No. Categorically wrong and already corrected earlier in the thread. The court ruled Hobby Lobby could not be compelled to pay for those particular pieces of the health plan. They then recommended that the regulators extend the same exemption (i.e. having to pay for that portion) that they extended to religious non profits. Essentially their employees get that coverage, it's just that Hobby Lobby doesn't pay for it. Generally the insurers are absorbing this hit from the exempted non profits themselves because they see long run it's cheaper than paying for pregnancies.
The real test will be Wheaton College who is challenging that being exempt from paying for that coverage is not enough to satisfy their religious rights under RFRA. They are arguing that allowing their employer insurance plan to offer those contraceptions for even free is forcing them to support this aberrant and immoral practice (from their perspective). That case will have the farther reaching implications on this issue.
Prior to the hobby lobby ruling the way health insurance worked was largely up to the worker in question - if you wanted to use it for a form of birth control that your boss didn't like, that was your decision.
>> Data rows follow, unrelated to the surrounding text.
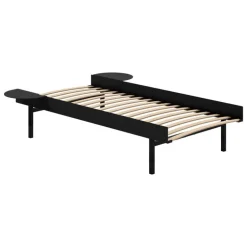 Moebe Bed, high, 90-180 cm, black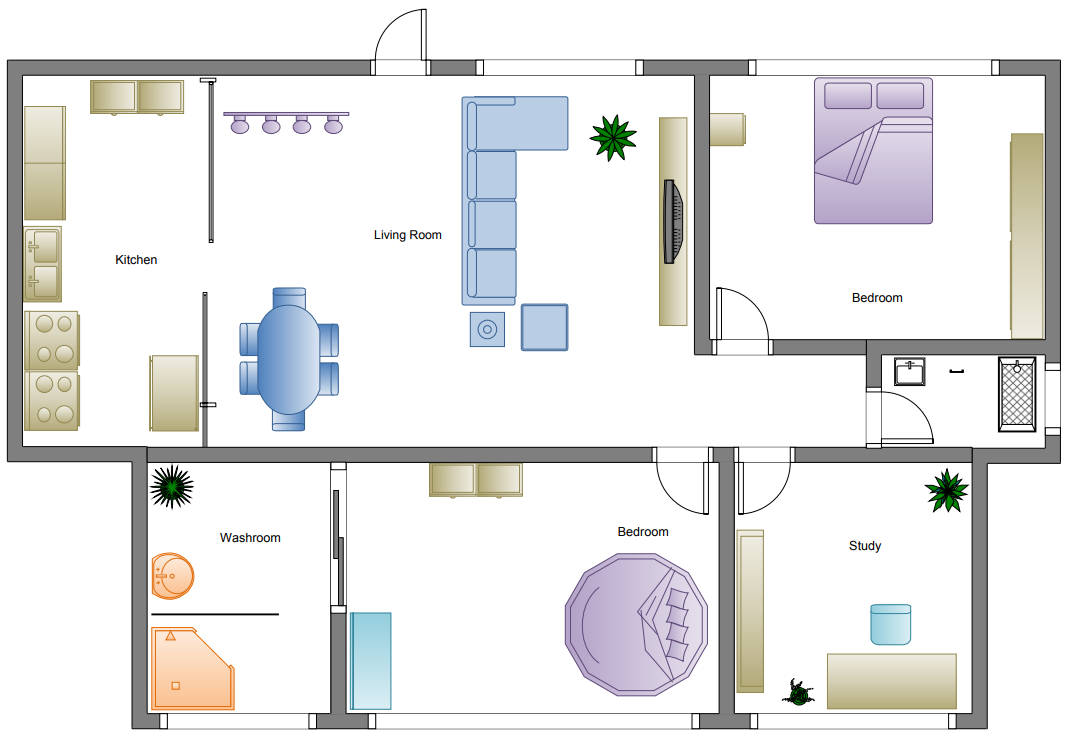 Easy Floor Plan Drawing Online Floorplansclick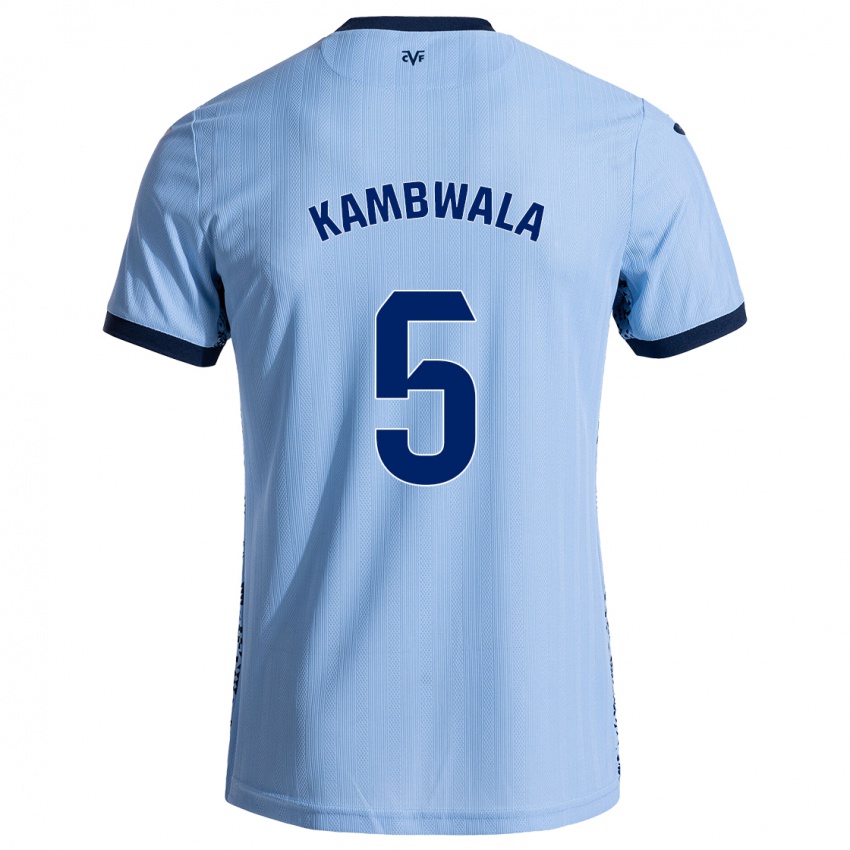 Kinder Willy Kambwala #5 Himmelblau Auswärtstrikot Trikot 2024/25 T-Shirt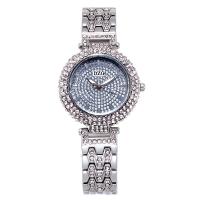Uhrenarbänder für Frauen, Zinklegierung, Armreif & Uhr, Modeschmuck & mit Strass, keine, 240x35mm, verkauft von Strang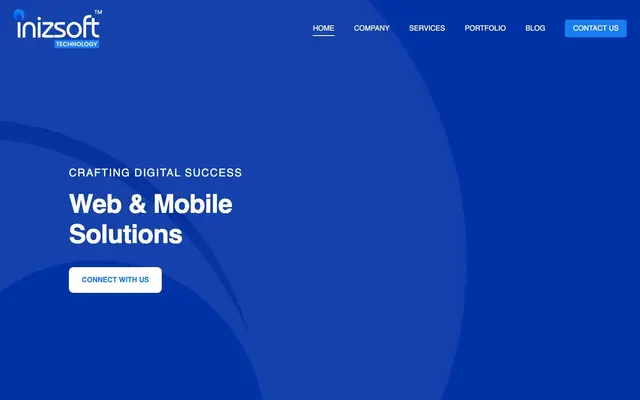 Inizsoft Technology website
Your health insurance was part of your cost-to-company, and largely your business.
Now your boss can go to your insurance company and say "Well, I don't approve of this, so I am not paying."
It is no longer your health insurance - it is no longer your health, it is your owner's health insurance.
It doesn't matter what your religious beliefs are - it matters what your boss's religious beliefs are.
As to claiming that for example, insurance companies can just absorb the cost - they're much more likely to just not cover it because why pay for something they don't have to?
Edit:
Oh, and the specific workaround you are pointing to was disallowed by an emergency order that evening.